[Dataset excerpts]
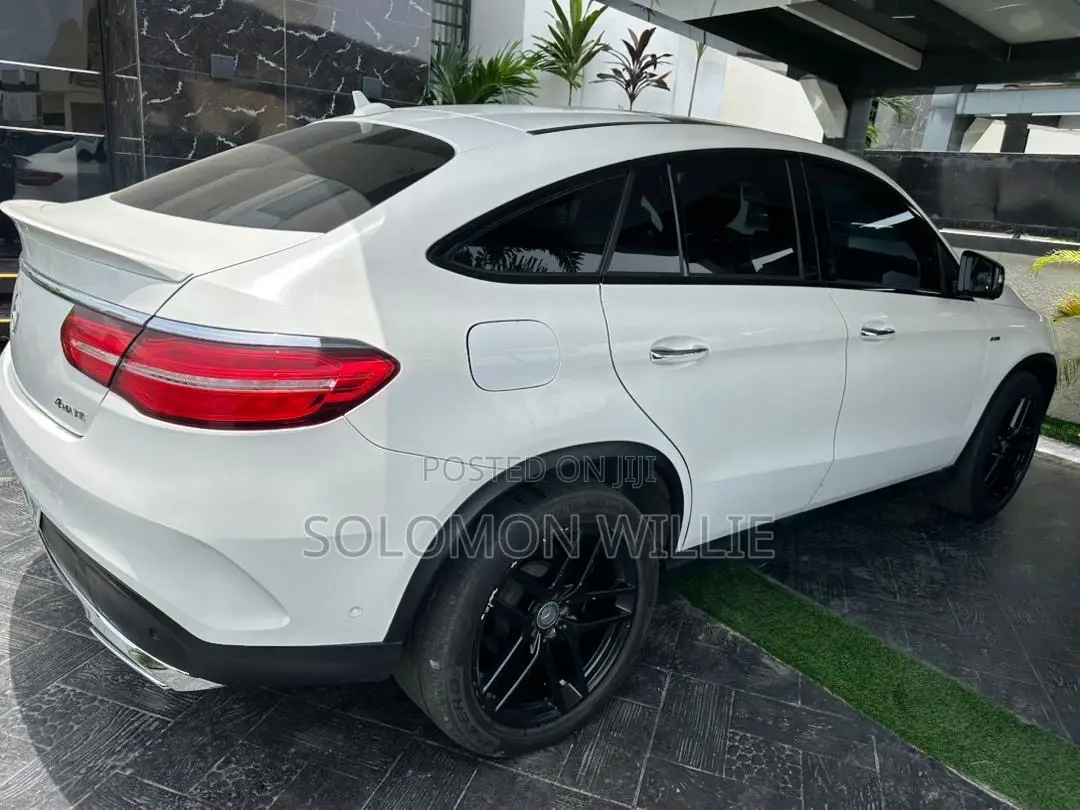 Mercedes-Benz GLE-Class 2016 White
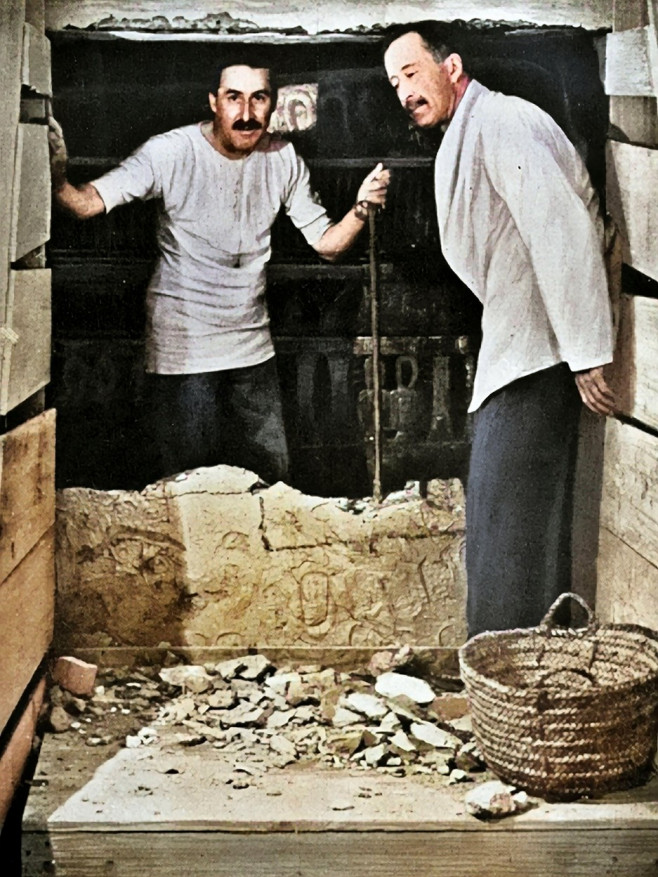 Howard Carter e lord Carnarvon allapertura delle tomba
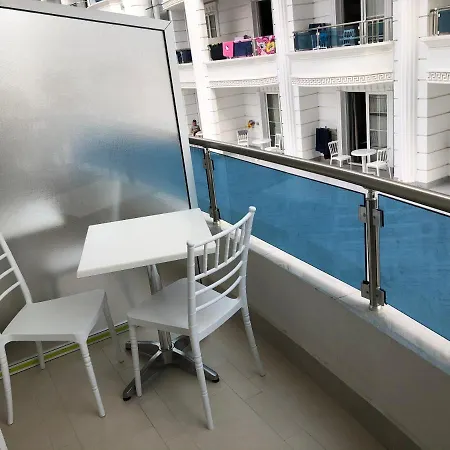 Alb's 2 Appartement Golem (Tirana)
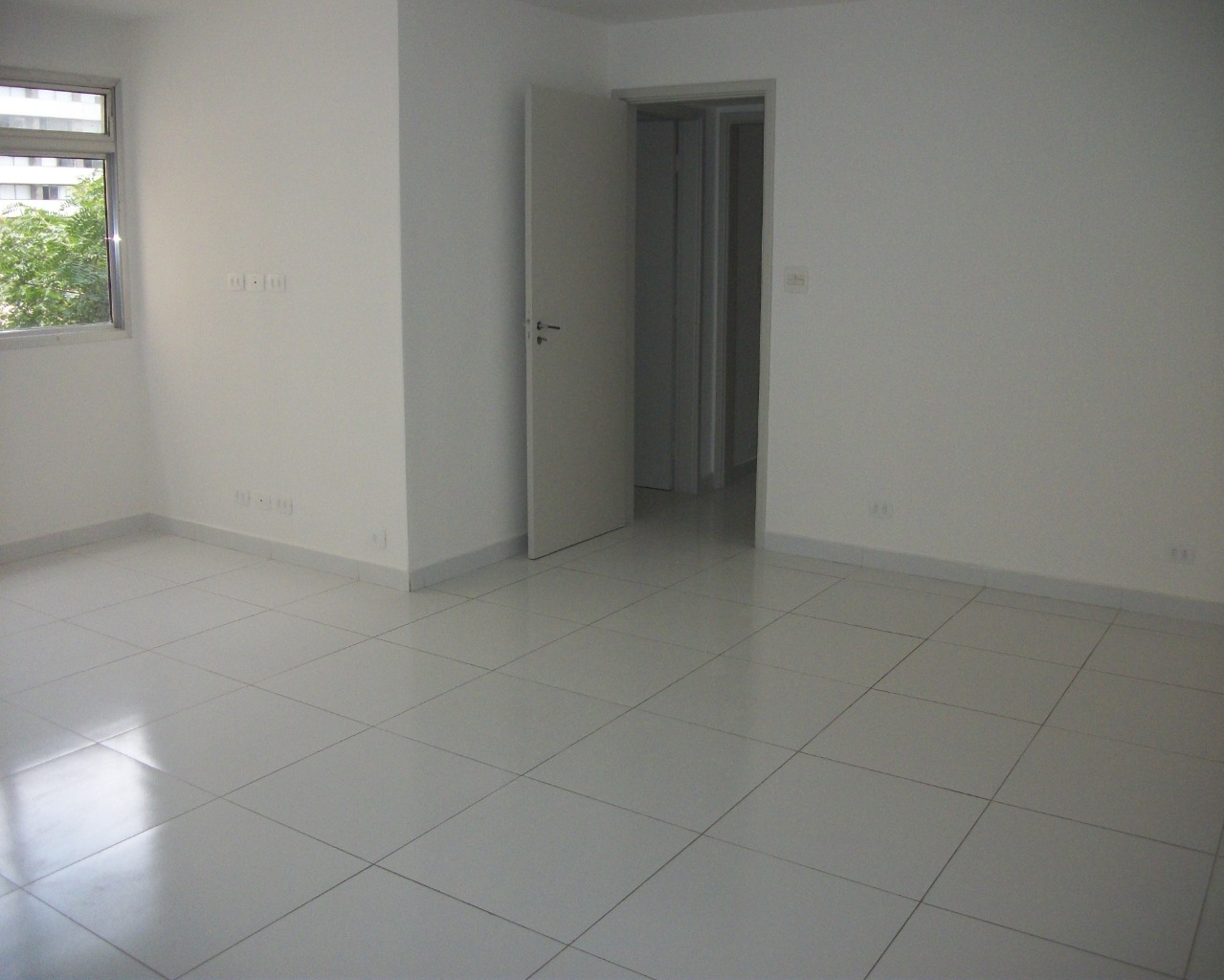 Apartamento para alugar com 2 quartos, 90m² - Foto 3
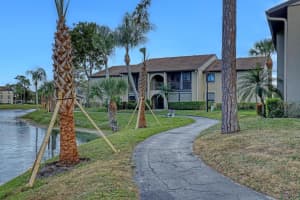 530 Shady Pine Way D1, Greenacres, FL 33415 Sold 04/02/24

* PROBLEM STATEMENT *
None of the pictures should be copied, but every record above must be restated in full.

* RESPONSE BOX *
 Mercedes-Benz GLE-Class 2016 White
 Howard Carter e lord Carnarvon allapertura delle tomba
 Alb's 2 Appartement Golem (Tirana)
 Apartamento para alugar com 2 quartos, 90m² - Foto 3
 530 Shady Pine Way D1, Greenacres, FL 33415 Sold 04/02/24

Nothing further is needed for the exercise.